RIO— Reservar um tempo do dia para deixar a mente quieta
e livre das tensões e olhar para dentro de si mesmo com muita atenção. À
primeira vista, a meditação pode parecer algo difícil em um mundo cada vez mais
tecnológico e que impõe pressa e preocupações à mente. Professores da área,
entretanto, apontam um aumento significativo da procura pela técnica milenar,
que apresenta tipos diversos de execução.
Na Zona Sul, estúdios oferecem a meditação tanto em atividades
em grupo (com dinâmicas, dança e vibrações) quanto individuais, que podem ser
feitas até na sala de espera de um consultório médico. Além dos benefícios à
saúde, como diminuição do estresse e das dores, especialistas apontam que o
relaxamento profundo e a queda da excitação mental proporcionados pela
meditação trazem aspectos positivos à vida prática, como o aumento da
criatividade, da produtividade e da memória.
Diretor da Sociedade Internacional de Meditação no Rio,
Klebér Tani dá aulas de meditação transcendental (MT) na sede da instituição,
no Leblon, e explica a prática e seus resultados:
— Essa técnica tem efeitos que se estendem no nível
mental em função do processo de interiorização que a pessoa experimenta quando
medita. Ela percebe, durante esse mergulho, o lugar onde os pensamentos nascem.
Então ela é capaz de filtrá-los melhor. Como consequência disso, temos um
aumento de memória, de concentração e pensamentos mais ordenados — aponta Tani.
O professor explica a eficácia da meditação transcendental
no tratamento de doenças:
— Como a maioria das doenças é psicossomática e,
portanto, tem um fundo nervoso, com níveis de cansaço e tensão muito altos, no
momento em que esse cansaço é eliminado, a incidência dessas doenças cai.

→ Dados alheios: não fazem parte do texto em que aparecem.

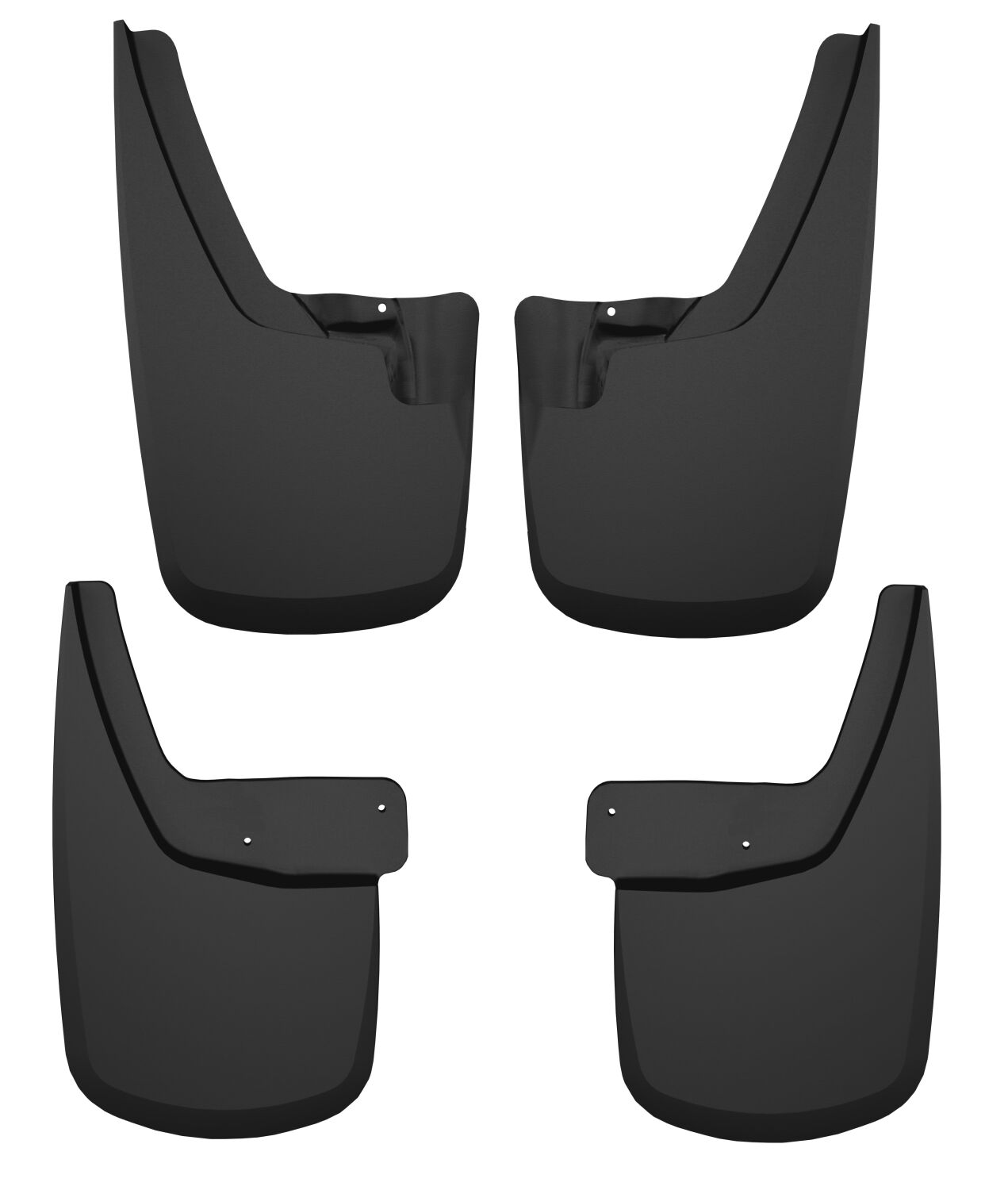 Husky Liners Front & Rear Mud Guards 58326 | Husky Liners Husky Liners Front & Rear Mud Guards 58326 | Husky Liners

Presente em escolas, empresas e até na Polícia Militar do
Rio de Janeiro, a técnica de meditação transcendental pode ser praticada
individualmente e em qualquer lugar, desde que sem interferências. Após uma
semana de aula com Tani, onde recebe um mantra individual, o aluno só precisa
encaixar na sua rotina 20 minutos de manhã e de tarde para meditar.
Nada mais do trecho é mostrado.